La Stella has hit the cover off the ball this season, posting a .356/.420/.667 slash line with a trio of three-hit games. He continued that type of play Friday, hitting the first of the Cubs’ four home runs off Nationals ace Max Scherzer.

And he hasn’t been the only one. Szczur has a .367/.441/.600 slash line with 10 RBIs. Ross  has gone from an offensive liability to a consistent contributor. He’s batting .250/.360/.450 after posting a gruesome .176/.267/.252 line last season and is just one RBI away from matching his 2015 total after already hitting twice as many homers as he did a year ago. Javier Baez was expected to be a prime offensive contributor, but he counts as a bench player, too, and he’s hitting .311.

“When you have bench players like that, you give your regular guys days off comfortably, game in progress, you can do things without any concern. It matters a lot,” Maddon said Saturday. “You don’t have the record that we have right now without a really wonderful supporting cast or other members that are able to participate as if they’re a regular.”

In a season with World Series expectations for the Cubs, a key would undoubtedly be to stay healthy. That hasn’t exactly been the case through nearly 30 games, as numerous players have hit the disabled list. Most notably, Kyle Schwarber’s season ended on the team’s season-opening road trip with that cringe-worthy knee injury. Miguel Montero, the team’s starting catcher, remains on the DL. Even Szczur is currently on the shelf.

But the Cubs haven’t missed a beat through any of it, getting offensive contributions from every spot in the order and every name on the roster. Maddon raved about up-from-the-minors catcher Tim Federowicz before Saturday’s game. In his first start with the team this season, outfielder Ryan Kalish reached base twice and scored a run in Thursday’s win.

“I think it speaks to the depth that we have. We’ve got a ton of guys that are capable of filling in,” La Stella said. “There’s a lot of talent on this team, and we’re deep and we’re young. Guys really pull for each other, I feel that makes a big difference. It doesn’t matter who’s in there, everybody’s on the same page and everybody’s pulling for each other.”

While it’s impressive seeing not-so-usual suspects fueling the Cubs’ remarkable start, the inverse might be true, as well. With so much talent, such high expectations and a clubhouse staying loose thanks to Maddon’s managing and all this winning, newcomers are finding it easy to jump in and contribute.

“It’s contagious in here. There’s confidence brewing in all aspects,” Kalish said. “The more everyone gets out there, the better. When you see guys like Tommy and people making names for themselves, it’s really good to watch.”
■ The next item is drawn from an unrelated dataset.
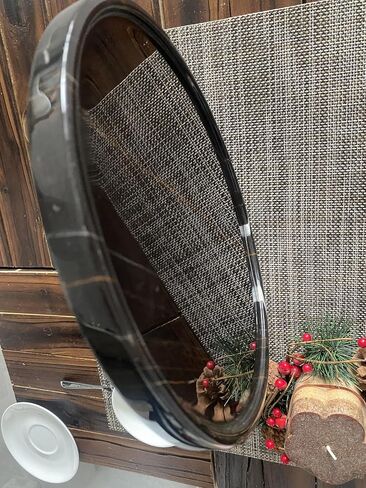 Marble Tray,(Dark Gray) Natural Volcanic Stone Tray，Home Decor，Halloween Candle Tray, Christmas Decoration Tray in Saudi Arabia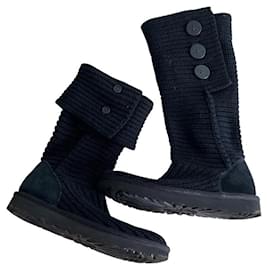 Botas de punto de lana Ugg Negro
“That happens when you’re with any good team,” Maddon said. “The Patriots in football is a good example of that particular concept. I would say right now if you showed up at Golden State you’d become a pretty good basketball player. So I think when you get talented people that show up in a good environment, it’s going to bring out the best in you. And I’m not just talking about our clubhouse. I’m talking about the city, the fan base, the ballpark, the ownership. All those things matter.

“Ask any guy that’s new here ask how good they feel if they’re sitting on that bench or on that field when that game begins. There’s energy. There’s energy in the moment. I think maybe energy and expectation should become synonymous terms.”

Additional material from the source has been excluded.